93 is a flowchart showing a specific procedure of the card reading process in the flow of FIG. 84.

FIG. 94 is a parity and LRC in the flow of FIG. 84.
It is a flow chart which shows the concrete procedure of inspection processing.

95 is a flowchart showing a specific procedure of magnetic processing in the flow of FIG. 85.

96 is a flowchart showing a specific procedure of a writing process in the flow of FIG. 86.

97 is a flowchart showing a specific procedure for verifying processing in the flow of FIG. 86. FIG.

98 is a flowchart showing the procedure of 1-bit read processing in the flows of FIGS. 95 and 97. FIG.

FIG. 99 is a flowchart showing a specific procedure for hole punching processing in the flow of FIG. 90.

FIG. 100 is a flowchart showing a specific procedure of transmission processing in the control flow of FIGS. 84 to 92;

101 is a flowchart showing a specific procedure of error processing when an error occurs in the control flows of FIGS. 84 to 92.

FIG. 102 is a flowchart showing a magnetic reading timer interrupt processing procedure in the card reader controller.

FIG. 103 is a flowchart showing a timer interrupt processing procedure of magnetic reading in the card reader controller.

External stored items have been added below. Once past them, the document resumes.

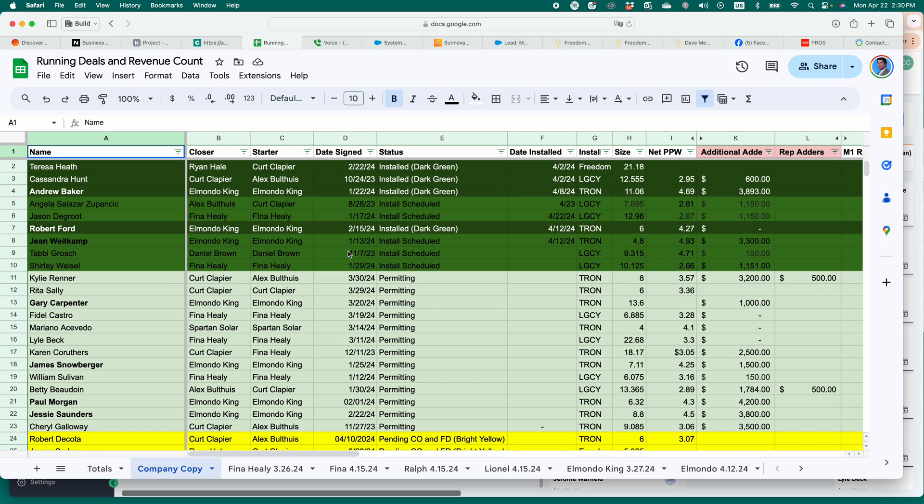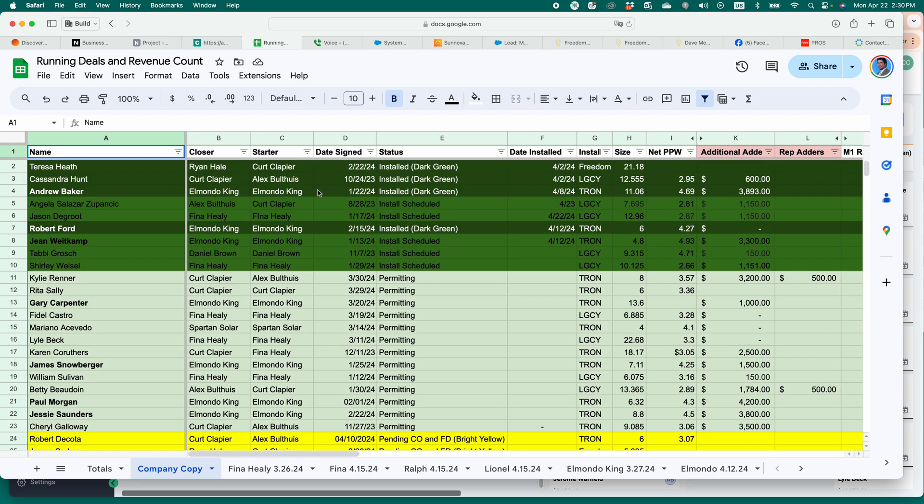All right. Happy Monday. Kurt here with Teach Mom How. Today, I'm going to show you how to filter your spreadsheets in Google Docs by color. And I'm going to use a real world example to show you what I use this for.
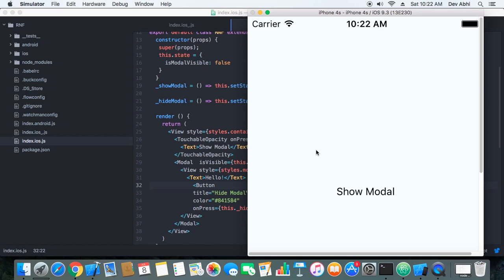be helpful when you add modal to your React Native application. Thank you so much for watching and make sure you subscribe to the channel and stay tuned to React Native and keep it easy. Bye bye.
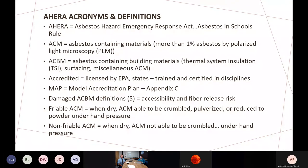In the AHERA regulation, they came up with a lot of different definitions. Moving from ACM to ACBM — asbestos containing building materials — AHERA categorizes them as thermal system insulation (TSI) such as pipe, boiler, tank, and vessel insulation; surfacing materials, which are anything troweled or sprayed on such as fireproofing or wall plaster; and miscellaneous materials, which are typically floor tiles, ceiling tiles, and similar materials.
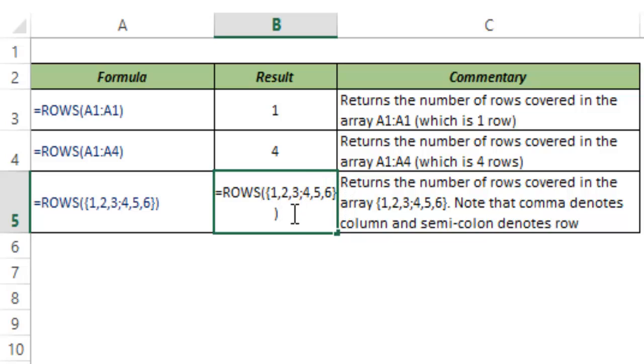And you would know that it would return 2 because a comma in Excel formula represents a column while a semicolon represents a row.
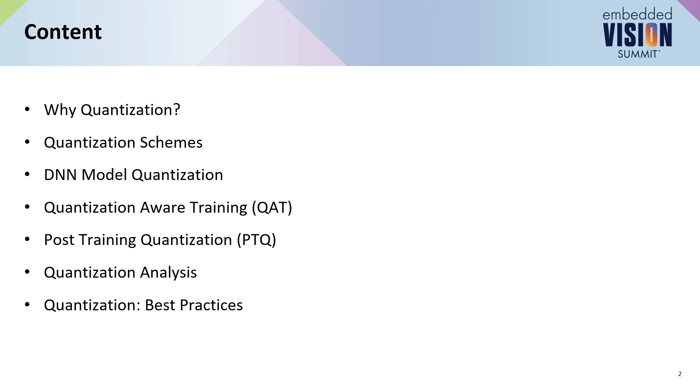So here's a high-level overview of what we're going to be discussing. I'm hoping that since you guys are attending, you already are interested in quantization or want to use that in some of your products.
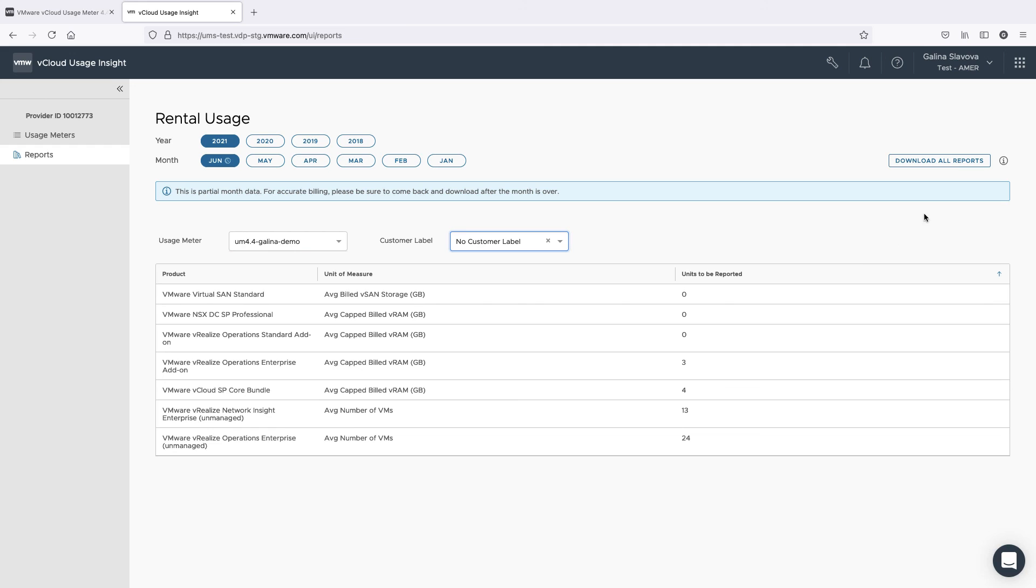You can download your customer monthly usage reports as well by clicking on Download All Reports. With this, our demonstration of customer monthly usage reports completes. Thank you for watching!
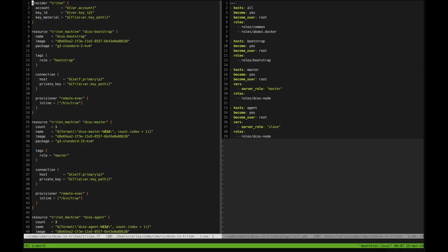On the left side of the screen you can see the Terraform configuration file which defines the credentials for connecting to Triton and also your infrastructure. In this case we need a bootstrap machine, master and agent nodes.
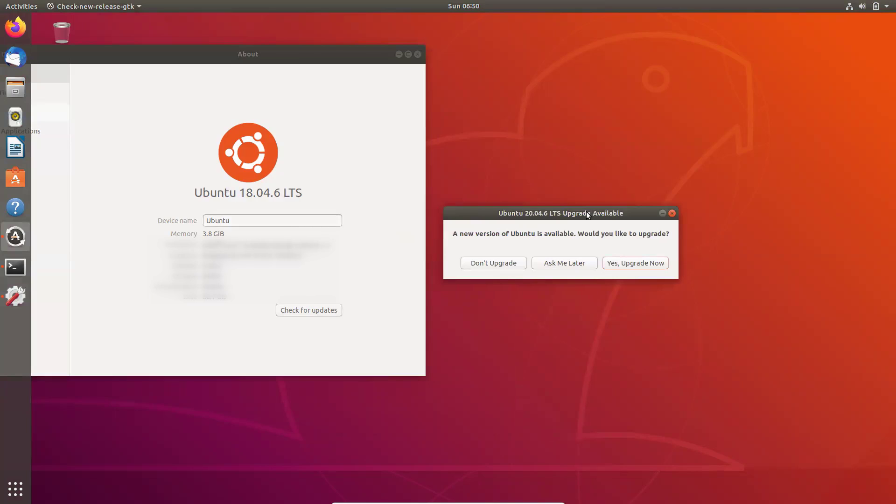Hello some viewers, how are you all? Welcome back to another video. Guys, in this video, we are going to discuss how we can install, how we can upgrade Ubuntu from 18.04.6 LTS to 20.04.6 LTS.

FIG. 104 is a flowchart showing a procedure of a write interrupt process at the time of magnetic writing in the card reader control device.

[Explanation of symbols]

 100 Pachinko machine 110 Operation panel 113 Purchase switch 114 Suspend switch 115 End switch 130 Ball circulation device 160 Control unit 180 Unit control device 188 Card reader control device 195 Pachinko machine control device 190 Unit controller 200 Card issuing device 700 Card issuing device 710 Card removal Device 740 Card reversing device 750 Printing device 770 Card derivation device 300 Settling machine 400 Management device 550 Unit memory 551 Data transmission controller 553 Network controller 800 Card reader 802 Card insertion / ejection port 807 Conveyance motor 809 Shutter solenoid 820 Punch device 821 Magnetic head

Claims (4)

[Claims] 1. A game storage medium issuing device which is capable of issuing a storage medium to which valuable data substantially equivalent to money or a game value is added and which is used for a game, is capable of issuing the storage medium. Issuable display means for visually displaying, bill insertion slot into which bills can be inserted, bill discriminating means for discriminating the amount of bills inserted, and inserted amount display means for displaying the amount read by the bill discriminating means. A plurality of purchase selection operation means for designating the purchase amount of the storage medium to be issued, and a storage medium issuing port for ejecting the storage medium having valuable data corresponding to the amount designated by the purchase selection operation means are provided. A game storage medium issuing device characterized by the above. 2. The purchase selection operation means is provided with a display means inside thereof, respectively, and these display means are configured to be turned on corresponding to the amount of money to be inserted. Game storage medium issuing device. 3. A balance payment means for discharging the balance corresponding to the difference between the amount displayed on the input amount display means and the amount designated by the purchase selection operation means. The game storage medium issuing device according to claim 1 or claim 2. 4. The storage medium issuing port is one, and the storage medium having different valuable data held from the issuing port is configured to be ejectable. Game storage medium issuing device.